1.12. The oblongable brain: anatomy, physiology, symptoms of the defeat of the caudal group (IX, X, XII pairs of cranial nerves). Bulbar and pseudobulberry paralysis.

1.15. Cork innervation of motor core nerve nuclei. Symptoms of lesion.

Practical skills:

1. Collecting anamnesis in patients with diseases of the nervous system.

4. Study of the functions of the cranial nerves

Anatomy-physiological features of the spinal cord

Spinal cord Anatomically is a cylindrical litigation, located in the spine, 42-46 cm long (in an adult).

1. The structure of the spinal cord (at different levels)

The basis of the structure of the spinal cord is segmental principle (31-32 segments): cervical (C1-C8), breast (TH1-TH12), lumbar (L1-L5), sacral (S1-S5) and coccopes (CO1-CO2). Thickening spinal cord: chine(C5-TH2, ensures the innervation of the upper extremities) and lumbar (L1 (2) -S1 (2), ensures the innervation of the lower extremities). Due to a special functional role (the location of the segmental center for regulating the function of the pelvic organs - see Tanning No. 2.) Eliminate cone (S3-CO2).

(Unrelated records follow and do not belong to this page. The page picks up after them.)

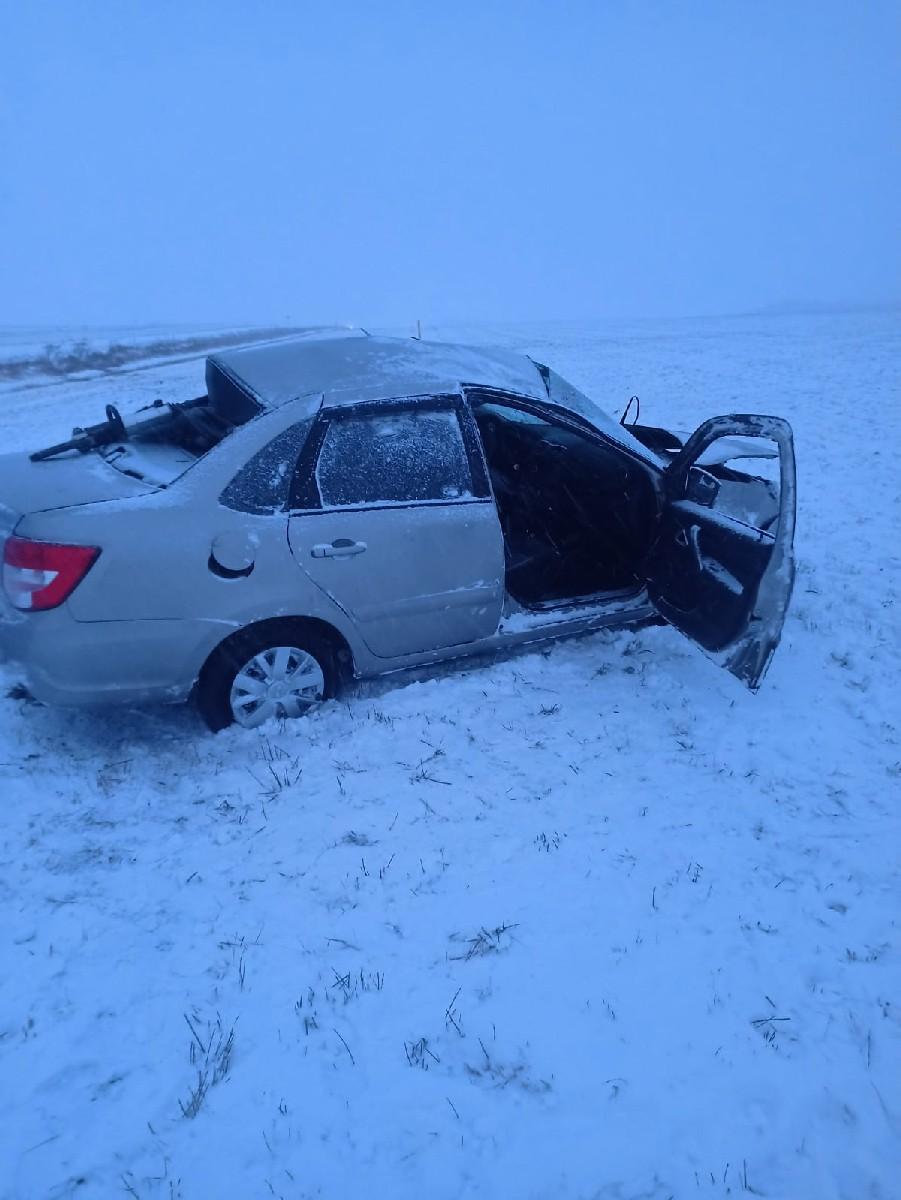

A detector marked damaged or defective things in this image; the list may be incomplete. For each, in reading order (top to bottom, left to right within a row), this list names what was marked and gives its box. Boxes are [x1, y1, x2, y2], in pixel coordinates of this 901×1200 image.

crumpled hood [0, 451, 157, 516]
damaged car [0, 328, 796, 729] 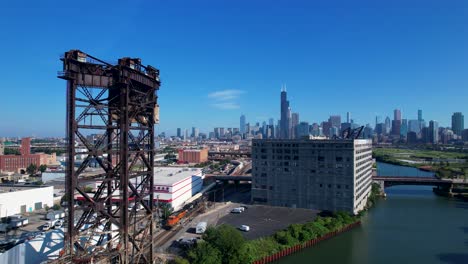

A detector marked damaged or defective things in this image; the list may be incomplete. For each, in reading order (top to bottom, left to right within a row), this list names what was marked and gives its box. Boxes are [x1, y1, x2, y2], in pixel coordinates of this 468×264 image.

rusty steel bridge tower [58, 50, 161, 262] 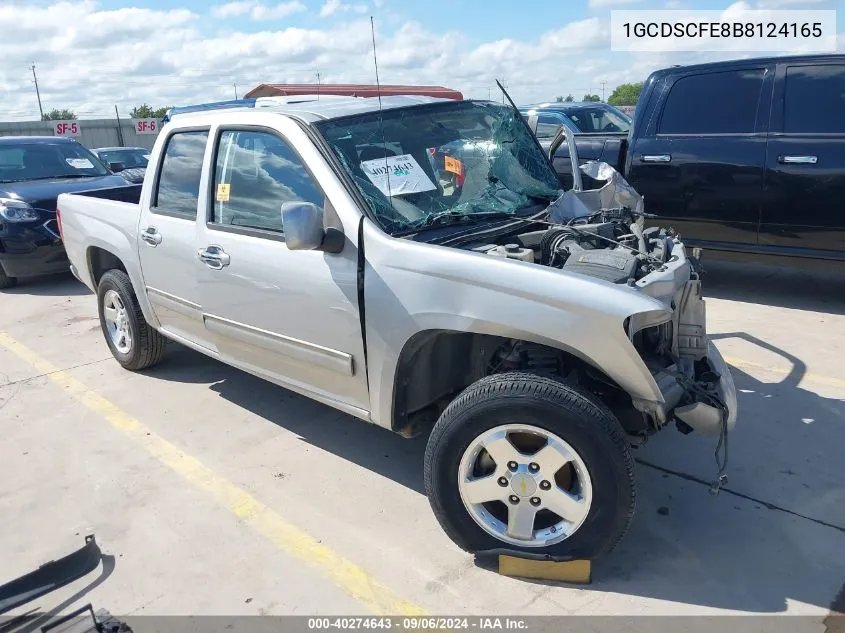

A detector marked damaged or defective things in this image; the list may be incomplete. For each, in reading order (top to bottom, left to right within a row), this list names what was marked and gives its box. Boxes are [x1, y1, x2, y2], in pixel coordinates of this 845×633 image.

shattered windshield [314, 101, 564, 235] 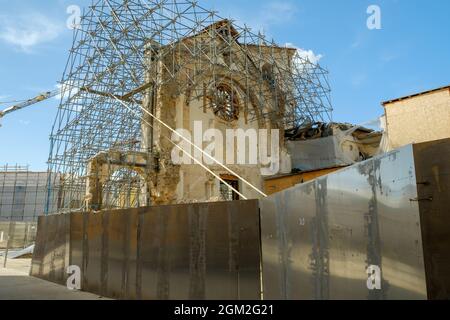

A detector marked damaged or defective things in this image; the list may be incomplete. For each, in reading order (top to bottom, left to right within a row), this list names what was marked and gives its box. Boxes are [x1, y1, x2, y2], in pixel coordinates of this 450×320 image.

rusty metal surface [31, 199, 260, 298]
rusty metal surface [258, 145, 428, 300] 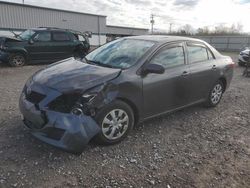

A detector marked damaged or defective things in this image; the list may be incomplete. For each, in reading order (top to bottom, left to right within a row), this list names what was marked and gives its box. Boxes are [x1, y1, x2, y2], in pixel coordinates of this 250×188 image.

crumpled front bumper [19, 81, 100, 153]
dented hood [32, 57, 121, 92]
damaged gray sedan [20, 35, 234, 153] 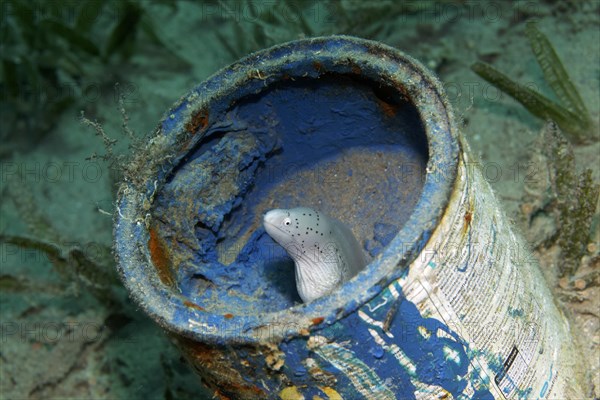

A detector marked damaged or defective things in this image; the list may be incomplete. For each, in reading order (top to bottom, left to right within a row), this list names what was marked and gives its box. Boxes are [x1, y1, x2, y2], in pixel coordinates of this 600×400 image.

rusty paint pot [115, 36, 588, 398] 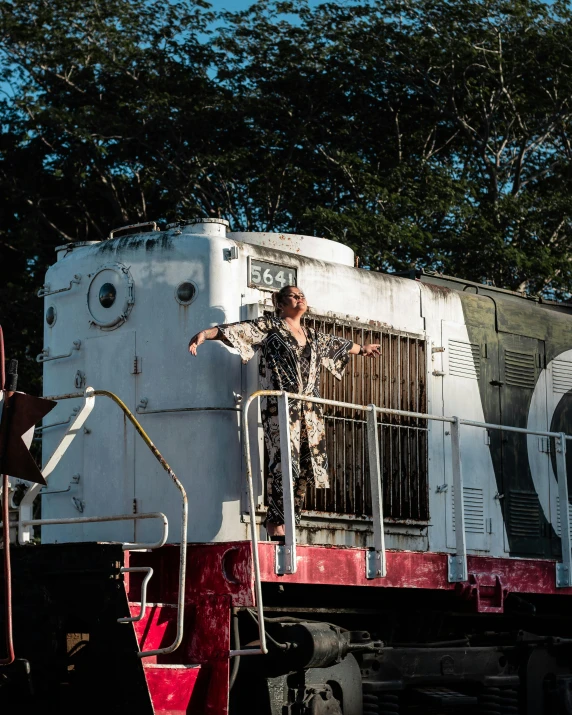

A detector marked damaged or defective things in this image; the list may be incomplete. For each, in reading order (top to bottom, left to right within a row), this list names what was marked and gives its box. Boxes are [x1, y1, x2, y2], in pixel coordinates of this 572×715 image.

rusty metal panel [304, 316, 428, 524] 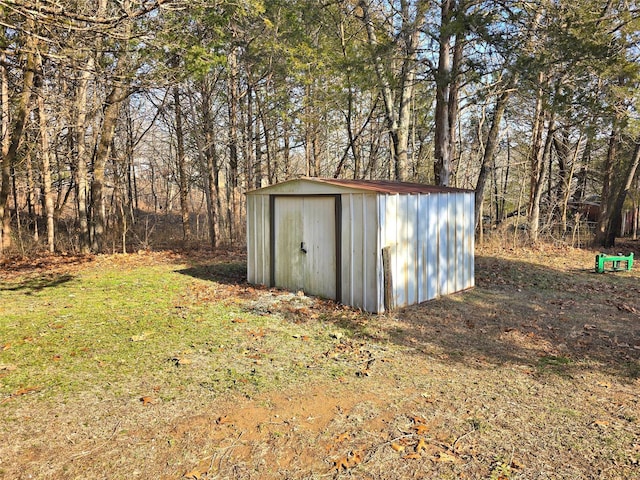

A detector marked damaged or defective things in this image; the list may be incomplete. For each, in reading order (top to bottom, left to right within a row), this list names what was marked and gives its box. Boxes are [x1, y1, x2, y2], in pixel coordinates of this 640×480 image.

rusty brown roof [304, 177, 470, 194] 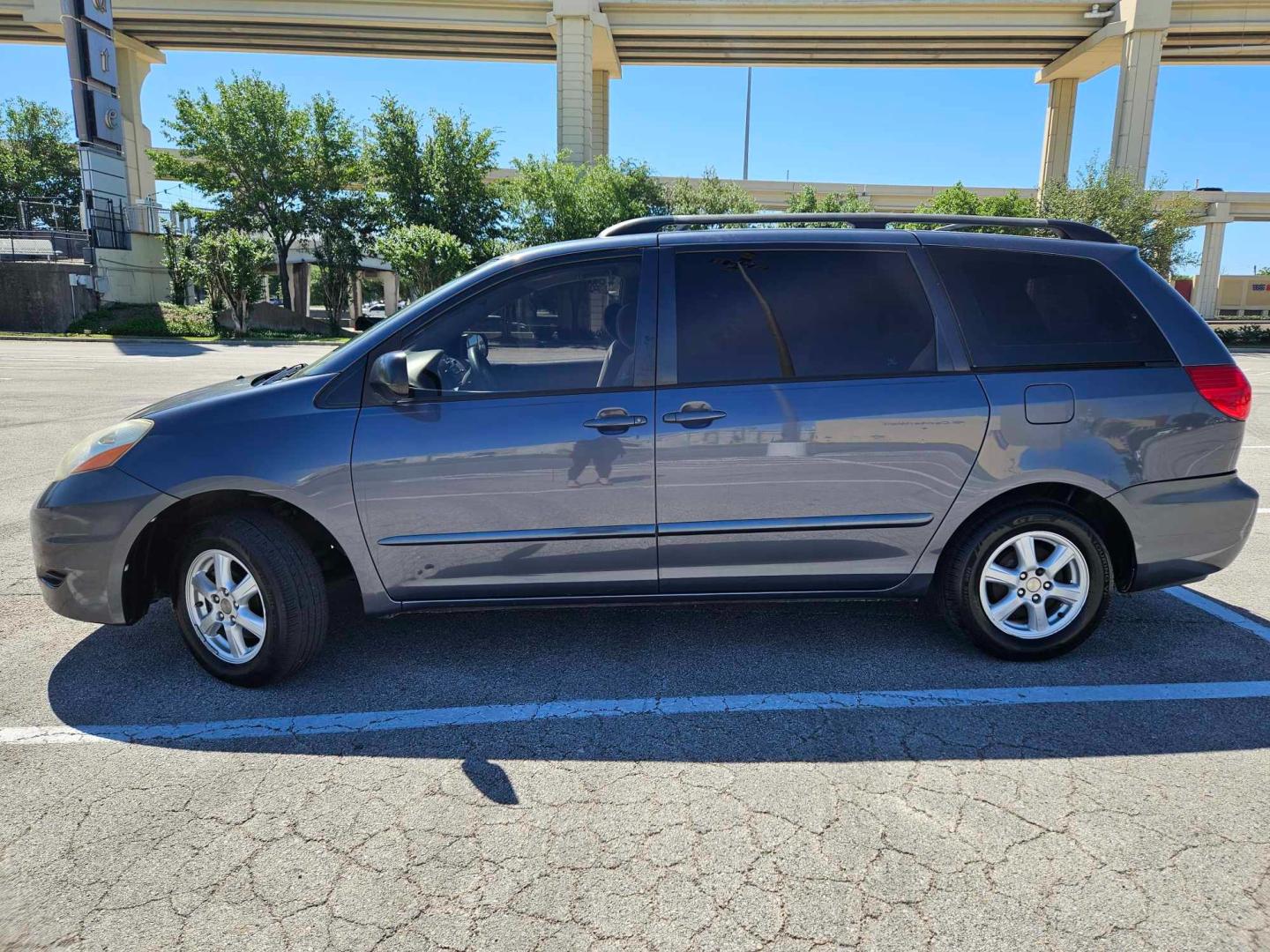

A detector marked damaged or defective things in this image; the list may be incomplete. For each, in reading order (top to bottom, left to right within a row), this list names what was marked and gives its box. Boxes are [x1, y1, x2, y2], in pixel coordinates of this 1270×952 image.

cracked asphalt [2, 339, 1270, 949]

Due to the peculiarities of the ontogenesis of the spinal cord of the adult ends at the level of the LII vertebra, below this level of the root form ponytail(Fur segments L2-S5) .

The ratio of spinal cord segments and vertebrae ( skeletopia): C1-C8 \u003d C I.-C. VII, Th1-th12 \u003d th i -th x, l1-l5 \u003d th xi -th xii, S5-CO2 \u003d L I -L II.

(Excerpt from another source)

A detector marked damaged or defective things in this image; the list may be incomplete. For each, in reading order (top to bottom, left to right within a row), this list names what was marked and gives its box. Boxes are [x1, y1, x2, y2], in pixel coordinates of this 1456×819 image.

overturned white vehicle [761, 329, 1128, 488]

- Places of exit Koreshkov: C1-C7 - over the vertebral name, C8 - under VII, Th1-CO1 - under the vertebral identity.

- Each segment The spinal cord has two pairs of front (motor) and rear (sensitive) roots. Each rear spinal cord root has a spinal gangli. The front and rear roots of each side merge, forming a spinal nerve.

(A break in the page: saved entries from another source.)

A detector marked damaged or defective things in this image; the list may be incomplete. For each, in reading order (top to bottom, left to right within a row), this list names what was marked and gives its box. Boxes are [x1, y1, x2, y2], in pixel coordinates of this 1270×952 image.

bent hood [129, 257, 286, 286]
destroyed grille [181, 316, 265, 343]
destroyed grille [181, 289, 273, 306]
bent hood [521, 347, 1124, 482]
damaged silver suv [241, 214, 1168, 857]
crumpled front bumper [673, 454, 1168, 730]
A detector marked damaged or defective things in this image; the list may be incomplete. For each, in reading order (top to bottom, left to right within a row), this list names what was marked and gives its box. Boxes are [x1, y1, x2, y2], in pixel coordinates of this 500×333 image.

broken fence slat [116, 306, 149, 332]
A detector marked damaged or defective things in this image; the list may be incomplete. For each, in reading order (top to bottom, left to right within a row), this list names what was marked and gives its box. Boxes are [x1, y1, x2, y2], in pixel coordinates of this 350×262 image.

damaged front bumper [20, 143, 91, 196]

2. The structure of the spinal cord (transverse section)

- Sine substance cm: Located in the center of the spinal cord and resembles a butterfly. The right and left half of the gray spinal cord substance is interconnected by a thin carcement (the median intermediate), in the center of which the hole of the central spinal cord channel passes. Histologically allocate the following layers: 1 - marginal; 2-3 - gelatin substance; 4-6 - own cores of the rear horns; 7-8 - Nucleus Intermedius; 9 - Motor motor rates of the front horns.

1) Rear Horn (columns) cm: Bodies of neurons of the paths of surface sensitivity and the cerebuline examination system

2) Side Horn (columns) cm: Segmental vegetative efferent neurons - sympathetic (C8-L3) and parasympathetic (S2-S4) nervous system.

3) Front Horn (columns) cm: Muscular cells (alpha-large motionones, Renshou brake cells) and extrapyramidal (alpha-small motionones, gamma neurons) systems.

- White substance cm: Located along the periphery of the spinal cord, there are amelinated fibers, connecting the segments of the spinal cord among themselves and with cerebral centers. In the white substance of the spinal cord distinguish the rear, front and side ropes.

1) Rear ropes cm: Contain ascending Conductors of deep sensitivity - medial (fasc.gracilis, thin, golay, from lower extremities) and lateral (Fasc.Cuneatus, Wedge-shaped, Burdach, from the upper extremities).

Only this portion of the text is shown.